▶ [ABOUT THIS TASK] Every line of the data below should be retyped exactly.

▶ [DATA SUPPLIED]
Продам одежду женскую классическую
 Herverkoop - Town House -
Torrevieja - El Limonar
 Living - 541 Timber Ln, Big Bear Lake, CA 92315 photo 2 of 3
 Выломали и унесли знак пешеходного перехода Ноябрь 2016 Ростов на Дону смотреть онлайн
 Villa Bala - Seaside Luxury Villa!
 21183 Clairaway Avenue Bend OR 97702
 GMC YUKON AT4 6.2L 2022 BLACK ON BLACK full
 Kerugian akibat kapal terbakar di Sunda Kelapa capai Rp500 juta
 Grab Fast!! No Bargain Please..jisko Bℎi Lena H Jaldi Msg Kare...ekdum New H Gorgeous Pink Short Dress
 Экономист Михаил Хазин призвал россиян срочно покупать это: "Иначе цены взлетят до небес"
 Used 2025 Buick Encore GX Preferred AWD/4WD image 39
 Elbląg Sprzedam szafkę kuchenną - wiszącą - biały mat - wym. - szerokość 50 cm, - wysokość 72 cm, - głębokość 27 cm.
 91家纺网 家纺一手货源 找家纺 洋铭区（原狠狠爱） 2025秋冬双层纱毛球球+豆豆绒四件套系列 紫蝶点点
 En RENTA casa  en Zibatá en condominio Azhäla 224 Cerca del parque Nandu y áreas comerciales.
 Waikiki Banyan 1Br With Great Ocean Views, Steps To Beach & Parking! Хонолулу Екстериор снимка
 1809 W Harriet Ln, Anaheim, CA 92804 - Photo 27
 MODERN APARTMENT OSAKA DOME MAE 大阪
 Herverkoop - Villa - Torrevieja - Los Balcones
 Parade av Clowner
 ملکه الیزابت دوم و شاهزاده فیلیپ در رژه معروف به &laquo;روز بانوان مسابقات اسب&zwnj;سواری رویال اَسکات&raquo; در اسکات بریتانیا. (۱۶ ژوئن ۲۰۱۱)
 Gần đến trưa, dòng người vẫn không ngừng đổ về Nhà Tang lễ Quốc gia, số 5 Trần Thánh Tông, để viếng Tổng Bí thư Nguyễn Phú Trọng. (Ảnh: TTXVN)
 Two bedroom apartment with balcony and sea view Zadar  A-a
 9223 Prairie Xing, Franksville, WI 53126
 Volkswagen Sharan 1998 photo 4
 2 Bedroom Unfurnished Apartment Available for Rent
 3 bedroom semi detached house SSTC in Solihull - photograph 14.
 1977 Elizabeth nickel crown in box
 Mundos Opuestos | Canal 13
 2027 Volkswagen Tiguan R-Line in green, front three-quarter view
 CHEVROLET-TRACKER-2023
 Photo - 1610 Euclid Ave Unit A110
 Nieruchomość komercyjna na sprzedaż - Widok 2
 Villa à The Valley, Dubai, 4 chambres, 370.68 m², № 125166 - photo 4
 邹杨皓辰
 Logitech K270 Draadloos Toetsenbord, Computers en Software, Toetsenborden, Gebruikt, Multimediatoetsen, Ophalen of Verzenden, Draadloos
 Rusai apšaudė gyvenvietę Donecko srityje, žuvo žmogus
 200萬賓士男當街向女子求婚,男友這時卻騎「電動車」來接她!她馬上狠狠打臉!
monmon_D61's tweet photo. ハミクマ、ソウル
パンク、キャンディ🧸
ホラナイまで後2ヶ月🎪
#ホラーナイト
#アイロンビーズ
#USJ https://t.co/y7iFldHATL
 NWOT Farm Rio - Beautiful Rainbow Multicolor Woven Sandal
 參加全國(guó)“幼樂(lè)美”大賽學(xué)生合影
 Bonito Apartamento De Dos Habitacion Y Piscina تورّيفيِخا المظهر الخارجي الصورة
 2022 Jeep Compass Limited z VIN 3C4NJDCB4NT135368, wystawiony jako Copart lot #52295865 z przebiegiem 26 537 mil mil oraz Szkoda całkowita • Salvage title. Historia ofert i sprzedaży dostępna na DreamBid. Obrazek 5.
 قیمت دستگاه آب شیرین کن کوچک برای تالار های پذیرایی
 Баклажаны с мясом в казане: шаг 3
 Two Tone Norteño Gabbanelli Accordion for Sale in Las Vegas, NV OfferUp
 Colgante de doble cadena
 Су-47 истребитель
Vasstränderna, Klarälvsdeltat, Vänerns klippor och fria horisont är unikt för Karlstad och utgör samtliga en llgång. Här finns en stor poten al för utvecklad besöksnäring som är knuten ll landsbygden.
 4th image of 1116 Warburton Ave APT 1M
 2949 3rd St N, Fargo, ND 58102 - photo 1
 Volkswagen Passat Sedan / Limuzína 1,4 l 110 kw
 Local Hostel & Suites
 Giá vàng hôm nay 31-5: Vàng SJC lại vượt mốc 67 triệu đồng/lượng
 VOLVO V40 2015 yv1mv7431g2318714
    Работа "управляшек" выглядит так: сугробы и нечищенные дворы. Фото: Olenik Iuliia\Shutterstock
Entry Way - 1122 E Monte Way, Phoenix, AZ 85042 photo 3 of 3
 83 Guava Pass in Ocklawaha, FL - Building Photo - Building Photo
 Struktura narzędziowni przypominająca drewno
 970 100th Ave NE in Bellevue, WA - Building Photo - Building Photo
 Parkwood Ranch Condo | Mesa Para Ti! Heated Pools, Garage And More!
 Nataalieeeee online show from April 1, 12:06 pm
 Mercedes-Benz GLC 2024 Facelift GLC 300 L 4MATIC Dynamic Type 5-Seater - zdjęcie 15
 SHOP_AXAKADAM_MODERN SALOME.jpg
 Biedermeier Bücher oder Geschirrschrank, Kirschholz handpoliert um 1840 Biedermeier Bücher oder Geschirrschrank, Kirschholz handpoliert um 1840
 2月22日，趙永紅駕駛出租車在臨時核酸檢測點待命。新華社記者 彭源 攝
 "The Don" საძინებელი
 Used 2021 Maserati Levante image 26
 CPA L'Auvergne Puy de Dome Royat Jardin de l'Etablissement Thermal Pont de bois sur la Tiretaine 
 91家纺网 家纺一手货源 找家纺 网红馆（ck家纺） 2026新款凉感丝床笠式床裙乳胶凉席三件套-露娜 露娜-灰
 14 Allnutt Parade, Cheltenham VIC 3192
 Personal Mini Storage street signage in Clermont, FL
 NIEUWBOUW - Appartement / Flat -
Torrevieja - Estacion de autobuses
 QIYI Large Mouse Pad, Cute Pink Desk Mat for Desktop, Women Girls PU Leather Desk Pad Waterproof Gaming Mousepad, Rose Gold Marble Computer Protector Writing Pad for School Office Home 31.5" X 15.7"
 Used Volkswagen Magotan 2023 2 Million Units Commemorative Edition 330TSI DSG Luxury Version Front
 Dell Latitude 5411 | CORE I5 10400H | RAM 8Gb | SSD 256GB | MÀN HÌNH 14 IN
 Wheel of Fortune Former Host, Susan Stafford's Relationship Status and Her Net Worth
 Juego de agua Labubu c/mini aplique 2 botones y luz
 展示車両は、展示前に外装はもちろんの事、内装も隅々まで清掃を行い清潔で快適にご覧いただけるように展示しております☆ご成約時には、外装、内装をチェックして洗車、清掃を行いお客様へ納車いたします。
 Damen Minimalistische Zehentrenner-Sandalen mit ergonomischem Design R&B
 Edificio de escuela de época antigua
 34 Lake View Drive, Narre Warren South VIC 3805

▶ [ANSWER BOX]
Продам одежду женскую классическую
 Herverkoop - Town House -
Torrevieja - El Limonar
 Living - 541 Timber Ln, Big Bear Lake, CA 92315 photo 2 of 3
 Выломали и унесли знак пешеходного перехода Ноябрь 2016 Ростов на Дону смотреть онлайн
 Villa Bala - Seaside Luxury Villa!
 21183 Clairaway Avenue Bend OR 97702
 GMC YUKON AT4 6.2L 2022 BLACK ON BLACK full
 Kerugian akibat kapal terbakar di Sunda Kelapa capai Rp500 juta
 Grab Fast!! No Bargain Please..jisko Bℎi Lena H Jaldi Msg Kare...ekdum New H Gorgeous Pink Short Dress
 Экономист Михаил Хазин призвал россиян срочно покупать это: "Иначе цены взлетят до небес"
 Used 2025 Buick Encore GX Preferred AWD/4WD image 39
 Elbląg Sprzedam szafkę kuchenną - wiszącą - biały mat - wym. - szerokość 50 cm, - wysokość 72 cm, - głębokość 27 cm.
 91家纺网 家纺一手货源 找家纺 洋铭区（原狠狠爱） 2025秋冬双层纱毛球球+豆豆绒四件套系列 紫蝶点点
 En RENTA casa  en Zibatá en condominio Azhäla 224 Cerca del parque Nandu y áreas comerciales.
 Waikiki Banyan 1Br With Great Ocean Views, Steps To Beach & Parking! Хонолулу Екстериор снимка
 1809 W Harriet Ln, Anaheim, CA 92804 - Photo 27
 MODERN APARTMENT OSAKA DOME MAE 大阪
 Herverkoop - Villa - Torrevieja - Los Balcones
 Parade av Clowner
 ملکه الیزابت دوم و شاهزاده فیلیپ در رژه معروف به &laquo;روز بانوان مسابقات اسب&zwnj;سواری رویال اَسکات&raquo; در اسکات بریتانیا. (۱۶ ژوئن ۲۰۱۱)
 Gần đến trưa, dòng người vẫn không ngừng đổ về Nhà Tang lễ Quốc gia, số 5 Trần Thánh Tông, để viếng Tổng Bí thư Nguyễn Phú Trọng. (Ảnh: TTXVN)
 Two bedroom apartment with balcony and sea view Zadar  A-a
 9223 Prairie Xing, Franksville, WI 53126
 Volkswagen Sharan 1998 photo 4
 2 Bedroom Unfurnished Apartment Available for Rent
 3 bedroom semi detached house SSTC in Solihull - photograph 14.
 1977 Elizabeth nickel crown in box
 Mundos Opuestos | Canal 13
 2027 Volkswagen Tiguan R-Line in green, front three-quarter view
 CHEVROLET-TRACKER-2023
 Photo - 1610 Euclid Ave Unit A110
 Nieruchomość komercyjna na sprzedaż - Widok 2
 Villa à The Valley, Dubai, 4 chambres, 370.68 m², № 125166 - photo 4
 邹杨皓辰
 Logitech K270 Draadloos Toetsenbord, Computers en Software, Toetsenborden, Gebruikt, Multimediatoetsen, Ophalen of Verzenden, Draadloos
 Rusai apšaudė gyvenvietę Donecko srityje, žuvo žmogus
 200萬賓士男當街向女子求婚,男友這時卻騎「電動車」來接她!她馬上狠狠打臉!
monmon_D61's tweet photo. ハミクマ、ソウル
パンク、キャンディ🧸
ホラナイまで後2ヶ月🎪
#ホラーナイト
#アイロンビーズ
#USJ https://t.co/y7iFldHATL
 NWOT Farm Rio - Beautiful Rainbow Multicolor Woven Sandal
 參加全國(guó)“幼樂(lè)美”大賽學(xué)生合影
 Bonito Apartamento De Dos Habitacion Y Piscina تورّيفيِخا المظهر الخارجي الصورة
 2022 Jeep Compass Limited z VIN 3C4NJDCB4NT135368, wystawiony jako Copart lot #52295865 z przebiegiem 26 537 mil mil oraz Szkoda całkowita • Salvage title. Historia ofert i sprzedaży dostępna na DreamBid. Obrazek 5.
 قیمت دستگاه آب شیرین کن کوچک برای تالار های پذیرایی
 Баклажаны с мясом в казане: шаг 3
 Two Tone Norteño Gabbanelli Accordion for Sale in Las Vegas, NV OfferUp
 Colgante de doble cadena
 Су-47 истребитель
Vasstränderna, Klarälvsdeltat, Vänerns klippor och fria horisont är unikt för Karlstad och utgör samtliga en llgång. Här finns en stor poten al för utvecklad besöksnäring som är knuten ll landsbygden.
 4th image of 1116 Warburton Ave APT 1M
 2949 3rd St N, Fargo, ND 58102 - photo 1
 Volkswagen Passat Sedan / Limuzína 1,4 l 110 kw
 Local Hostel & Suites
 Giá vàng hôm nay 31-5: Vàng SJC lại vượt mốc 67 triệu đồng/lượng
 VOLVO V40 2015 yv1mv7431g2318714
    Работа "управляшек" выглядит так: сугробы и нечищенные дворы. Фото: Olenik Iuliia\Shutterstock
Entry Way - 1122 E Monte Way, Phoenix, AZ 85042 photo 3 of 3
 83 Guava Pass in Ocklawaha, FL - Building Photo - Building Photo
 Struktura narzędziowni przypominająca drewno
 970 100th Ave NE in Bellevue, WA - Building Photo - Building Photo
 Parkwood Ranch Condo | Mesa Para Ti! Heated Pools, Garage And More!
 Nataalieeeee online show from April 1, 12:06 pm
 Mercedes-Benz GLC 2024 Facelift GLC 300 L 4MATIC Dynamic Type 5-Seater - zdjęcie 15
 SHOP_AXAKADAM_MODERN SALOME.jpg
 Biedermeier Bücher oder Geschirrschrank, Kirschholz handpoliert um 1840 Biedermeier Bücher oder Geschirrschrank, Kirschholz handpoliert um 1840
 2月22日，趙永紅駕駛出租車在臨時核酸檢測點待命。新華社記者 彭源 攝
 "The Don" საძინებელი
 Used 2021 Maserati Levante image 26
 CPA L'Auvergne Puy de Dome Royat Jardin de l'Etablissement Thermal Pont de bois sur la Tiretaine 
 91家纺网 家纺一手货源 找家纺 网红馆（ck家纺） 2026新款凉感丝床笠式床裙乳胶凉席三件套-露娜 露娜-灰
 14 Allnutt Parade, Cheltenham VIC 3192
 Personal Mini Storage street signage in Clermont, FL
 NIEUWBOUW - Appartement / Flat -
Torrevieja - Estacion de autobuses
 QIYI Large Mouse Pad, Cute Pink Desk Mat for Desktop, Women Girls PU Leather Desk Pad Waterproof Gaming Mousepad, Rose Gold Marble Computer Protector Writing Pad for School Office Home 31.5" X 15.7"
 Used Volkswagen Magotan 2023 2 Million Units Commemorative Edition 330TSI DSG Luxury Version Front
 Dell Latitude 5411 | CORE I5 10400H | RAM 8Gb | SSD 256GB | MÀN HÌNH 14 IN
 Wheel of Fortune Former Host, Susan Stafford's Relationship Status and Her Net Worth
 Juego de agua Labubu c/mini aplique 2 botones y luz
 展示車両は、展示前に外装はもちろんの事、内装も隅々まで清掃を行い清潔で快適にご覧いただけるように展示しております☆ご成約時には、外装、内装をチェックして洗車、清掃を行いお客様へ納車いたします。
 Damen Minimalistische Zehentrenner-Sandalen mit ergonomischem Design R&B
 Edificio de escuela de época antigua
 34 Lake View Drive, Narre Warren South VIC 3805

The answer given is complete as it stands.